Why write some boring documentation when you can add more features??? :D

Previously I built the functionality wherein the user can run code (stored on either the client or the server) on the client during the launch and terminate operations for the gstreamer pipeline. I knew that this would have some practical applications, and today I had one. Unfortunately I needed a little more flexibility, so I have expanded the possibilities so that the user can specify whether a certain script should be run before or after the pipeline is launched or terminated.

For example, I'm testing out a new inexpensive ARM board for streaming audio. It has an onboard 24/192 codec, which is awesome. But I noticed that when I terminate the gstreamer pipeline to end streaming there are two "pops". These remind me of the sound you would get if you unplugged an RCA jack or something like that. I imagine that this is not something that I want being fed to my speakers, especially the tweeter. But I discovered that if I muted the ALSA device before terminating the pipeline there was no popping sound. So, how to do this automatically as part of my termination process?

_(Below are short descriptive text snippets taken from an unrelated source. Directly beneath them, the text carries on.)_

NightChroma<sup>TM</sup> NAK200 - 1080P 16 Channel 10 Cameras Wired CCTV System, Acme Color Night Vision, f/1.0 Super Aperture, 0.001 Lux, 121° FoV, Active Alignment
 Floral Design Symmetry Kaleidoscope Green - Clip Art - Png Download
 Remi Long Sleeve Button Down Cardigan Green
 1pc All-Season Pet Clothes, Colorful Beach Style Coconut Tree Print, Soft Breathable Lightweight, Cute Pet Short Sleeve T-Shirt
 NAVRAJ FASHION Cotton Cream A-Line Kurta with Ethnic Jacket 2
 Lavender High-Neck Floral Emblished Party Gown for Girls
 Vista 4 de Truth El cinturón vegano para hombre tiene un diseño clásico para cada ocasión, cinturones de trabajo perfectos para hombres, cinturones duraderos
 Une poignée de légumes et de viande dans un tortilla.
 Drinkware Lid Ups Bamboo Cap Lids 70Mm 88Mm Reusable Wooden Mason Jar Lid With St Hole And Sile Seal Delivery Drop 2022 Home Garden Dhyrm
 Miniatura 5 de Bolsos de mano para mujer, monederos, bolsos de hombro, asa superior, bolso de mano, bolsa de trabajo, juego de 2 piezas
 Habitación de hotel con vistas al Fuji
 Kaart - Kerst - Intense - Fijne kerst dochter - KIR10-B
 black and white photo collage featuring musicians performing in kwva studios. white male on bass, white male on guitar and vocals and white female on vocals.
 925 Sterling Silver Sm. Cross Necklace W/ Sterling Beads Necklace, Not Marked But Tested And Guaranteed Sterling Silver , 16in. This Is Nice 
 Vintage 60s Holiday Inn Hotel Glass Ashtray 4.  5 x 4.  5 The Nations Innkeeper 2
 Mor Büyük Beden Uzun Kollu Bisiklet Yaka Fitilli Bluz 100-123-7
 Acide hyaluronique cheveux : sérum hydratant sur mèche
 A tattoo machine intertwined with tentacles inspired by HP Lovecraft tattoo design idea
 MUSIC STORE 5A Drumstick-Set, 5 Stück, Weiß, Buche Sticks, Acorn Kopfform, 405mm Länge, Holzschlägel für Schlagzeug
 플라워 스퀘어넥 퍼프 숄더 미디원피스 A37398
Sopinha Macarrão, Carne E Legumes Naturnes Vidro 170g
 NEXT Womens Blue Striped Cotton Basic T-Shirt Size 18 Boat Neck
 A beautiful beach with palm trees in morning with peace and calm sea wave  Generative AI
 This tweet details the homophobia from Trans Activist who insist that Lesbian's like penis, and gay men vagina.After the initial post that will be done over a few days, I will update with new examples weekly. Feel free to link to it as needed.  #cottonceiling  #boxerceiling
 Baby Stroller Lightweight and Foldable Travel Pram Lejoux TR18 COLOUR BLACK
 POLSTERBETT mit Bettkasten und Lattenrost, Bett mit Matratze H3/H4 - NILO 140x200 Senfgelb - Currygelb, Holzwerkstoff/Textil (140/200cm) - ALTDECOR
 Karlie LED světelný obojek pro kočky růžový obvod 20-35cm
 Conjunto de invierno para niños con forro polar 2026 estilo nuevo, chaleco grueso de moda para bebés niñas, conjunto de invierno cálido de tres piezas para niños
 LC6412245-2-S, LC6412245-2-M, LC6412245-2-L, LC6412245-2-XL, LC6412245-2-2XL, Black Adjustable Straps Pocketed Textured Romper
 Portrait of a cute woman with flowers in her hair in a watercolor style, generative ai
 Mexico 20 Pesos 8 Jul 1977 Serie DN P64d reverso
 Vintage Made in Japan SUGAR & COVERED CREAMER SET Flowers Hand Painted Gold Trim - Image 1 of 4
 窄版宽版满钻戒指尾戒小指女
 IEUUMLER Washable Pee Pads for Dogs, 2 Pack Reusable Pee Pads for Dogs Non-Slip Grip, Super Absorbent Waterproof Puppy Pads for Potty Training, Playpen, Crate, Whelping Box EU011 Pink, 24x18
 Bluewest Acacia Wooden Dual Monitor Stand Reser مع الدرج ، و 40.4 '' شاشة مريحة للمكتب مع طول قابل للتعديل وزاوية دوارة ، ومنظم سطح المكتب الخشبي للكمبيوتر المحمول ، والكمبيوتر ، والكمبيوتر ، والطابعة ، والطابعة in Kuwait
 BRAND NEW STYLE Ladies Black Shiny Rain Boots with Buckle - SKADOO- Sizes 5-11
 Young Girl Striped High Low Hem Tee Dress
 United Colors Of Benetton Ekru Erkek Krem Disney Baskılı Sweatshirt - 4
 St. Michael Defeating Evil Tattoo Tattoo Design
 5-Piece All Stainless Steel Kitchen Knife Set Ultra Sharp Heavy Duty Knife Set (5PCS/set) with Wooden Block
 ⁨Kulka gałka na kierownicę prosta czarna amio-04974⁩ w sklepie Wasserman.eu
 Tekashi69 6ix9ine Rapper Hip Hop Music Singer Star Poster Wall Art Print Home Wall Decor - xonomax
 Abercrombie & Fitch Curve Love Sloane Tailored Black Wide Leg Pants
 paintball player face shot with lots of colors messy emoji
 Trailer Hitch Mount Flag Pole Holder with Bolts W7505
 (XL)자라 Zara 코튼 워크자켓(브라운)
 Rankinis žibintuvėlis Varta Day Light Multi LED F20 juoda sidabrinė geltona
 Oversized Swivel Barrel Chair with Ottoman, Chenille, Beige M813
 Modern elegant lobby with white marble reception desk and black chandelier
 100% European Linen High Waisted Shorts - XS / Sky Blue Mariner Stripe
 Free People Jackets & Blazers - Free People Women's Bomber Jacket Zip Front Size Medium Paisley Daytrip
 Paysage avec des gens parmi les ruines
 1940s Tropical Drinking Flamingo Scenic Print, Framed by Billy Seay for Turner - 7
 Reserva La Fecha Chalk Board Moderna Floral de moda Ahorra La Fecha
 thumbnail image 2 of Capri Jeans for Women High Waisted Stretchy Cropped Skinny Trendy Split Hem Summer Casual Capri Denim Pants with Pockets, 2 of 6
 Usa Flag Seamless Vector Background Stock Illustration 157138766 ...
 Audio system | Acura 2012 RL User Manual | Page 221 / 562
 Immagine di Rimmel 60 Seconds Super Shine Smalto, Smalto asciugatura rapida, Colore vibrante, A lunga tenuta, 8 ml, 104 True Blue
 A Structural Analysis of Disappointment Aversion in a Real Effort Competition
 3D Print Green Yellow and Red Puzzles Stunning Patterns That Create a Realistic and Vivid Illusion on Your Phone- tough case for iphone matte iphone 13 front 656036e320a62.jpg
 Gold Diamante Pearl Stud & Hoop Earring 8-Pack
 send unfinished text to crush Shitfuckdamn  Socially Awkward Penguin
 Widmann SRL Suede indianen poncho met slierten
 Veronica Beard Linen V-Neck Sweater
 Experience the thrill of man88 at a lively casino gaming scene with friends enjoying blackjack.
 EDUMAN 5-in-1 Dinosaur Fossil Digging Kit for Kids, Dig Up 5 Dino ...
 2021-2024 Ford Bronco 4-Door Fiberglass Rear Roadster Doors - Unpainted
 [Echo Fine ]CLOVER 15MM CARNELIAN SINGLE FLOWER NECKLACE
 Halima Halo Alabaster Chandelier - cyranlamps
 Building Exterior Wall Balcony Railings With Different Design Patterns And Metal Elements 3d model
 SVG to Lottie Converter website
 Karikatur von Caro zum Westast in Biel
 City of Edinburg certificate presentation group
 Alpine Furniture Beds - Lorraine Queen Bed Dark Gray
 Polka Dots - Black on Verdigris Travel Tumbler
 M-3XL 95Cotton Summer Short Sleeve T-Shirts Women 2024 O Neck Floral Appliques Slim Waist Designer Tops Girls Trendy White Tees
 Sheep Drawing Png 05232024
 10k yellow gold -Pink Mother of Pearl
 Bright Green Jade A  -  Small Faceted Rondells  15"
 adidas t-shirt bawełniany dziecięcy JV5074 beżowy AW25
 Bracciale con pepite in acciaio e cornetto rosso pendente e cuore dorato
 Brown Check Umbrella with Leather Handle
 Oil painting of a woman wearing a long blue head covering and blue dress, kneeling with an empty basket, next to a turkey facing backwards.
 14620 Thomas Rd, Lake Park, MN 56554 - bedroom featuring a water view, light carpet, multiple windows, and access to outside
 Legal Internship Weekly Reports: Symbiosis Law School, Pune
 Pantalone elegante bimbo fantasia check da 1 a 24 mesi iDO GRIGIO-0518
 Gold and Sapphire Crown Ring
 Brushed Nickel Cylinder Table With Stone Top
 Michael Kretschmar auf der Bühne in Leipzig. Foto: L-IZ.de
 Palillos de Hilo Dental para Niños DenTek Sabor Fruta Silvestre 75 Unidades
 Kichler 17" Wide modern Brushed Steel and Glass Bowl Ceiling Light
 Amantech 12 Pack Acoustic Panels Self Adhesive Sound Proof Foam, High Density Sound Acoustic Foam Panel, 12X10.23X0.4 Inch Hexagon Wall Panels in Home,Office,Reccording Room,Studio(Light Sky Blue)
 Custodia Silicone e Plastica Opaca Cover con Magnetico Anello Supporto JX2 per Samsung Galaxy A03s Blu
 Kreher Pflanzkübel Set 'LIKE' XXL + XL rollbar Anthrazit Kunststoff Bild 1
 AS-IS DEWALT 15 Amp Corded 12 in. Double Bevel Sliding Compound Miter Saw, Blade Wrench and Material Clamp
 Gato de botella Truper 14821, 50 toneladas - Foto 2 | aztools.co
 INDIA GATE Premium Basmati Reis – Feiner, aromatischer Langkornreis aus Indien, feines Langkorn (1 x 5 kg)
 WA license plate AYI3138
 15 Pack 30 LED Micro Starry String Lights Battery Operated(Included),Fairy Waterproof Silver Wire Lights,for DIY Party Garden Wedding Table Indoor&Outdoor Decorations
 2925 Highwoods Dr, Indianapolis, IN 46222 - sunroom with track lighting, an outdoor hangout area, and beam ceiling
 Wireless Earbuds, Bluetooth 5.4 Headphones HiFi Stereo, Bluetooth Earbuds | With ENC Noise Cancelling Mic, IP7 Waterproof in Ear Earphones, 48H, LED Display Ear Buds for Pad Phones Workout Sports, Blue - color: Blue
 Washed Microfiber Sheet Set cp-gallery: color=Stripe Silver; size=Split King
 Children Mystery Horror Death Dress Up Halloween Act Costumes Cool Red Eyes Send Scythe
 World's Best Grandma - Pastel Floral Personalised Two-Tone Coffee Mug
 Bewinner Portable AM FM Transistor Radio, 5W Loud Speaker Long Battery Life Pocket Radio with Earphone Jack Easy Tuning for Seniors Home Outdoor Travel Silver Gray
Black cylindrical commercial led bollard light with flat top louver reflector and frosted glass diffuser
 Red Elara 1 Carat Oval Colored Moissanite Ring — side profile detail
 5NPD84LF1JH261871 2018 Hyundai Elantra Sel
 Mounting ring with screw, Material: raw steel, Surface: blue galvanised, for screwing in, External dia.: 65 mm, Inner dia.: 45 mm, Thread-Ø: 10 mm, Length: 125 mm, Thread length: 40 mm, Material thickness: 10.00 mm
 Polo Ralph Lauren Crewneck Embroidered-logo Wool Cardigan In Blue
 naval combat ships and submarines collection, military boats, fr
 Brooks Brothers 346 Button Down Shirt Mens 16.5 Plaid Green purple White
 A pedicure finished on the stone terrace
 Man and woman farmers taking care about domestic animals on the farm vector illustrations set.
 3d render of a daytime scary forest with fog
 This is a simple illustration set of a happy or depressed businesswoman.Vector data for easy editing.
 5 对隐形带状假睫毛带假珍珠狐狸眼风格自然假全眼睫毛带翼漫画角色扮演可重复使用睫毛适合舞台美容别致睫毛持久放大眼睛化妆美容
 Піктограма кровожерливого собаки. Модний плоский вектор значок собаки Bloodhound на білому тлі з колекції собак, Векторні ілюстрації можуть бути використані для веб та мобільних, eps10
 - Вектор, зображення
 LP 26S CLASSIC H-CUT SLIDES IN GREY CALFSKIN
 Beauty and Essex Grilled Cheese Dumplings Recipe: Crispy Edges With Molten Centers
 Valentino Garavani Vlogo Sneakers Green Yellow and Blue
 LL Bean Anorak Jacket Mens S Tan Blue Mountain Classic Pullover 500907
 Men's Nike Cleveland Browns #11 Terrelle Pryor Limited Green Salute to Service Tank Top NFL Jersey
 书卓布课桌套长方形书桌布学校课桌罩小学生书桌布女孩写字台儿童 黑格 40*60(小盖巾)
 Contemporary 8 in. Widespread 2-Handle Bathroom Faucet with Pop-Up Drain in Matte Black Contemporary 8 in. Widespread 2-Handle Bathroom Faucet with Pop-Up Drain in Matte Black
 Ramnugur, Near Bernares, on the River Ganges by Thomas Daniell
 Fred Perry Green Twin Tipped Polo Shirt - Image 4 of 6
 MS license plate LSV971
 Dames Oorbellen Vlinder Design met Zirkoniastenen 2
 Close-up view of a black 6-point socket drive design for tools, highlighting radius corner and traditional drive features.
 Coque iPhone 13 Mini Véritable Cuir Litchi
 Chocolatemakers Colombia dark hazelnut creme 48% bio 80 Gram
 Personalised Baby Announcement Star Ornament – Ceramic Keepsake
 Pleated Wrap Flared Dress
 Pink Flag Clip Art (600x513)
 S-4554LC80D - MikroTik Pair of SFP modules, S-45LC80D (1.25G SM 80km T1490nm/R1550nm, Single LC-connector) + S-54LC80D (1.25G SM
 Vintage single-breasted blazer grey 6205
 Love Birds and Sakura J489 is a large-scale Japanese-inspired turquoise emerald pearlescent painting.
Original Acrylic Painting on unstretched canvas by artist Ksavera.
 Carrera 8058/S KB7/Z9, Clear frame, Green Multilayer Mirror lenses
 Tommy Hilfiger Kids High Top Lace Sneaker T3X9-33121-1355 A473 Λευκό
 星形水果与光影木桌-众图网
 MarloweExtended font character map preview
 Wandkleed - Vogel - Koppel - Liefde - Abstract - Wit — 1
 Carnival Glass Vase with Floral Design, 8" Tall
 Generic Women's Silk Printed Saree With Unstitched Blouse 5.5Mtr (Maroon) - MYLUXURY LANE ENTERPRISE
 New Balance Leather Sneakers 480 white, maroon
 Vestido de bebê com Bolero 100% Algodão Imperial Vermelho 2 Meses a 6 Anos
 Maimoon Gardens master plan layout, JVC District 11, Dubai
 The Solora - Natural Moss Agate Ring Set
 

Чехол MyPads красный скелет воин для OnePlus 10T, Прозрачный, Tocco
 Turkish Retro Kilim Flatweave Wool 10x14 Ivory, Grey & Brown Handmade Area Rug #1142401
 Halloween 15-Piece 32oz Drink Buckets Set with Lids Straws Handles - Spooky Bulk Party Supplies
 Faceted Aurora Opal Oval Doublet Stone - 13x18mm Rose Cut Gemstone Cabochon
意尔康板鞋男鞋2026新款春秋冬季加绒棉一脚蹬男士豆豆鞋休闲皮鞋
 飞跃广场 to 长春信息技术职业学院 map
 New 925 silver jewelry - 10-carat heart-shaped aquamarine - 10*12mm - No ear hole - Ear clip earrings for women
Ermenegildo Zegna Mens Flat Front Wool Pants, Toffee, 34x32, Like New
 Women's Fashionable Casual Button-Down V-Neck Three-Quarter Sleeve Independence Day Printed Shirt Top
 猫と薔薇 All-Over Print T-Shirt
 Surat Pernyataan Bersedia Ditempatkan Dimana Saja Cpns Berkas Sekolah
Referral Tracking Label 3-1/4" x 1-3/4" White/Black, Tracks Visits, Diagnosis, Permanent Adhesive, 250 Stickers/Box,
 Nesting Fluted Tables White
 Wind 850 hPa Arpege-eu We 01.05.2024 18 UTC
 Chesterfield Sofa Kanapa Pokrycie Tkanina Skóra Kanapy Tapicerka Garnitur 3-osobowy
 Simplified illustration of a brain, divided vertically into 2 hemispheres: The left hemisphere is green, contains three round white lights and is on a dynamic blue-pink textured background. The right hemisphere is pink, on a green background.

I needed to be able to MUTE the audio on the client BEFORE terminating the gstreamer pipeline. Likewise in order to get sound the next time, I needed to be able to UNMUTE the audio on the client AFTER the gstreamer pipeline was restarted. The muting and unmuting operations can be done from the command line using amixer. I created two scripts, mute.sh and unmute.sh and I put these on the SERVER. Then I set:
LOCAL_SCRIPT_AFTER_LAUNCH=./unmute.sh
and
LOCAL_SCRIPT_BEFORE_TERMINATE=./mute.sh
in the system configuration file.

This solved the problem and has completely automated the action. I think that this is very nice functionality and can be used for many different purposes to automate actions on the client that you would normally perform manually, like turning on amplifiers, or whatever.

The nice thing about using the LOCAL SCRIPT option is that if I have multiple clients in the system they can all use the same mute and unmute script, so I only need to write it once and all clients reference the same file. This keeps things centralized and tidy.

I came up with another program function that I hope to code next. Hopefully I can wrap it up and get going on the documentation after that.
 
Apologies for the delay... documentation is coming along, but I just spent a couple of days trying to track down the following problem:

I decided to try upsampling and streaming at 96kHz. When I did that, the audio would drop out about once a second. I spent a lot of time trying to debug my code until I started to look elsewhere.

I finally discovered that the problem was with MPD. I had set it to resample using the "highest quality sinc converter", that is in my mpd.conf file I have:
Code:
samplerate_converter = "0"
This had no problem upsampling from 44.1 to 48kHz (the SR I normally use) but resulted in the dropouts when upsampling to 96kHz. If I used a faster converter (type="2") there were no dropouts, but I wanted the highest quality possible so this was not an acceptable solution.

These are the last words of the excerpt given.